• CT-Sen: Paulist gazillionaire (and very failed 2010 Senate candidate) Peter Schiff says he’s moving to Florida because a proposed increase in the state’s top income tax rate from 6.5% to 6.7% means, according to Schiff: “Basically, what they’re saying is, ‘If you stay in Connecticut, you’re going to get mugged. You’re going to get raped.'” THAT’S EXACTLY RIGHT. A TWO-TENTHS PERCENT TAX HIKE ON THE RICH IS EXACTLY LIKE RAPE. Schiff then asked out loud, “The question is, do I really have a political future in Connecticut?” NO YOU DO NOT.
Meanwhile, despite the presence of two very big names already in the race, another Democrat says he’s thinking about getting in: state Rep. William Tong, the first Asian American elected to CT’s General Assembly and also a former law student of Barack Obama’s, says he’ll decide “shortly.” This sounds more like a reputation/name rec-enhancing move that a serious bid, though, as Tong is only in his late 30s.
• DE-Sen: The Christine O’Donnell watch is on, with the key (the only) question being whether she’ll launch a hopeless challenge to Gov. Jack Markell next year, or whether she’ll wait to launch a hopeless rematch against Sen. Chris Coons in 2014.
• FL-Sen: So here’s how you work up to a Senate bid these days. First, get your name circulated in early, unsourced media reports about “potential” candidates – you know, the kind of spitballing pieces which just list out various names based on speculation. Then, have a surrogate (probably on a not-for-attribution basis – they can call `em “an individual close to” you) tell the press they know you’re thinking about the race. Then, do some interviews yourself where you admit to actually considering a run, but that you need to discuss it with your family first/wait until the legislative session is over/see how the field develops/get the results of a poll back, etc. Then, once you’ve finally done all of this, you can take the bold step of… forming an exploratory committee. That’s where we finally are with Republican state Rep. (and former Majority Leader) Adam Hasner. Exciting, isn’t it?
• IN-Sen: This probably means more for the endorser than the endorsee, but embattled Sen. Dick Lugar (he’ll be referred to as “embattled” for the next year-plus) just got the backing of his home-state governor, Mitch Daniels. While in a more civilized age, this might be done just as common courtesy, the threat of getting teabagged often has Republicans clamming up when they get near their wobblier comrades. (Fellow Hoosier Sen. and all-around loser Dan Coats (R) has refused to support Lugar.) But like I said, this is a bigger deal for Daniels, who has presidential aspirations (yet is probably as wobbly as Lugar himself): the teabaggers are already calling for his head.

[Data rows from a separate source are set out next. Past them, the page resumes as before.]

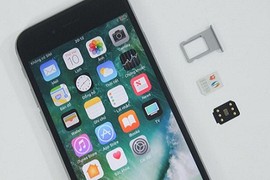 Nhiều nơi xả hàng để dừng bán iPhone khóa mạng tại VN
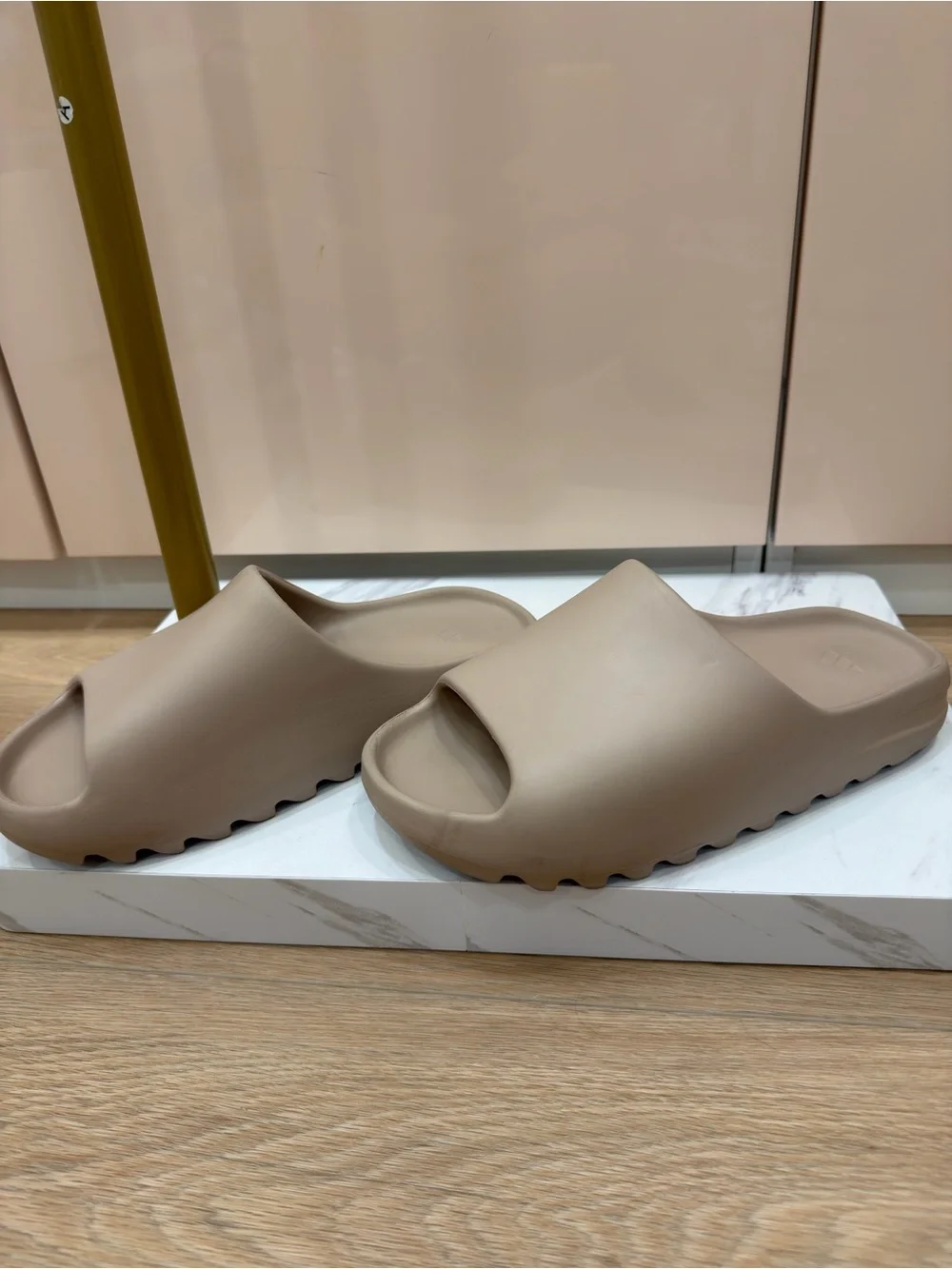 Yeezy streamlined slide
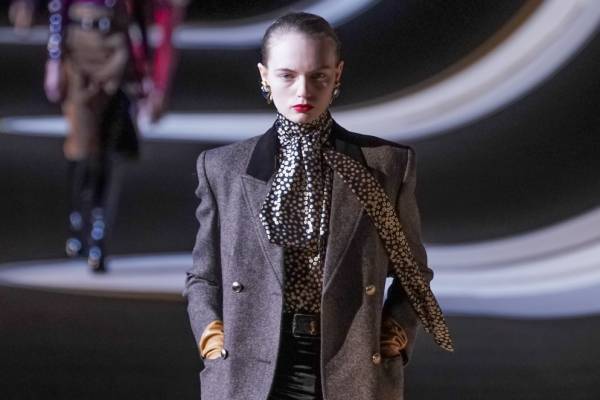 サンローラン 2020年秋冬コレクション - カラフルな色彩に交わるブラック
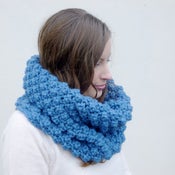 Image of Chunky berry stitch snood in blue
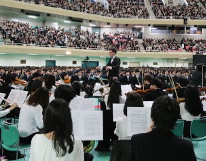 明治大学交響楽団による演奏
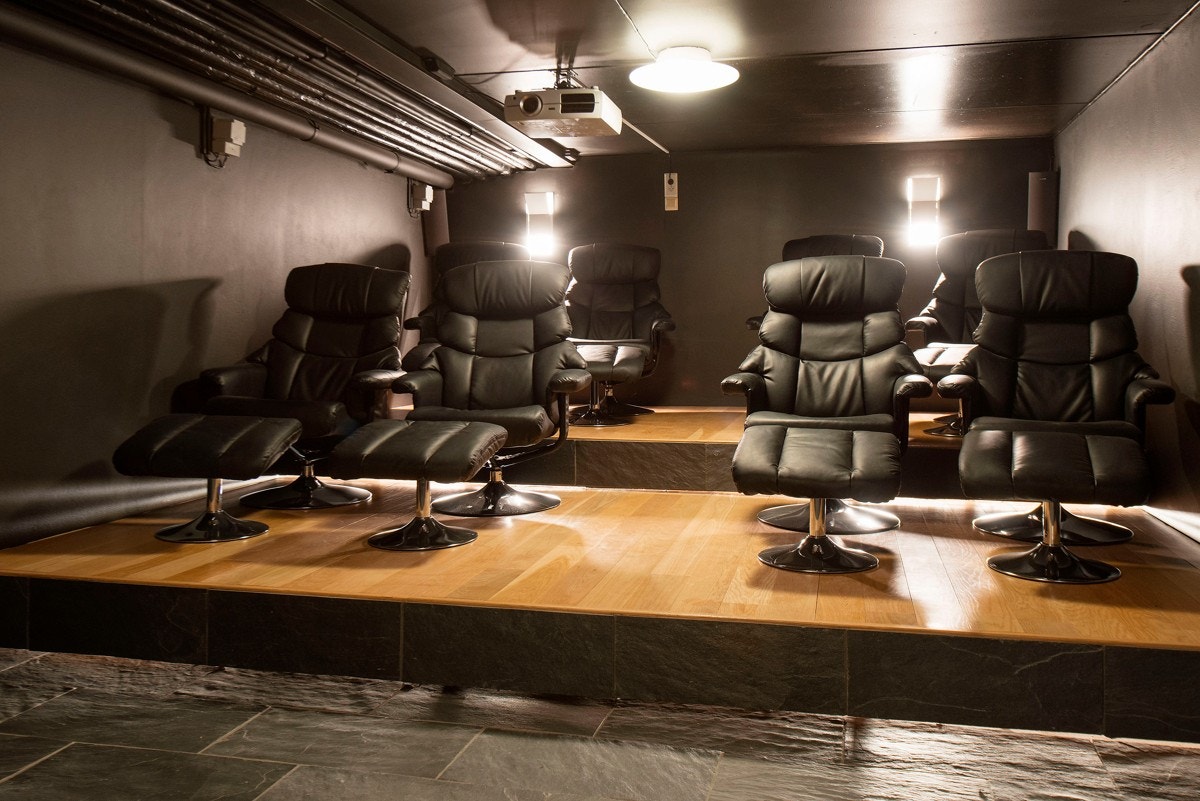 Her kan hele familien nyte gode filmer i egen kino Galleribilde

• MA-Sen: More staffing emails in the MA-Sen race-is this going to be the next frontier in tea leaf-reading? Anyhow, consultant Dorie Clark of Sommerville sent a job posting out into the aether seeking a press secretary, but refused to tell the Globe who she’s working for. The Globe notes that Rep. Mike Capuano (who lost in the Dem special primary in 2009) is also from Sommervile-as is activist Bob Massie, but he says the posting wasn’t on his behalf.
• ME-Sen: The Hotline already did this for Dick Lugar, so now they do it for Olympia Snowe – that is, they take a look at what it would take for her to run as an independent. The answer:
If Snowe wishes to run as an independent, she must file a withdrawal from the Republican Party by March 1, 2012-more than 3 months before the June 10 primary. If she did withdraw, she would need between 4,000 and 6,000 petitions from registered voters by June 1 to get on the ballot as an independent candidate.
A Snowe spokesperson insists, though, that his boss is running as a Republican. In other Maine news, PPP has one of its scorecards out (PDF), finding Gov. Paul LePage already underwater with approvals of 43-48. A narrow 47-45 plurality supports gay marriage (which was narrowly rejected by voters in 2009).
• MT-Sen: All politics definitely is not local anymore (if it ever was), but sometimes it still is. A looming issue in the Montana Senate race? The status of the gray wolf, which is on the Endangered Species List but which Montanans want to start hunting. (Farmers complain the wolves kill livestock, while hunters complain the wolves kill elk – which they want to kill themselves.) Roll Call explains the fault line between Republican Denny Rehberg and Dem Jon Tester:
Rehberg’s proposal would eliminate wolves from the list forever, and not just in the Big Sky State but nationwide. Tester prefers allowing wolves to be hunted in Montana and Idaho, while placing hunting control in the hands of state officials with federal oversight.
• NV-Sen: The Fix’s Rachel Weiner says that that unnamed (and unquoted!) “Democratic strategists” are saying they might actually prefer someone like Ross Miller to Rep. Shelley Berkley, who has already been elected statewide and doesn’t have “strong ties” to Las Vegas, which I guess is a potential liability.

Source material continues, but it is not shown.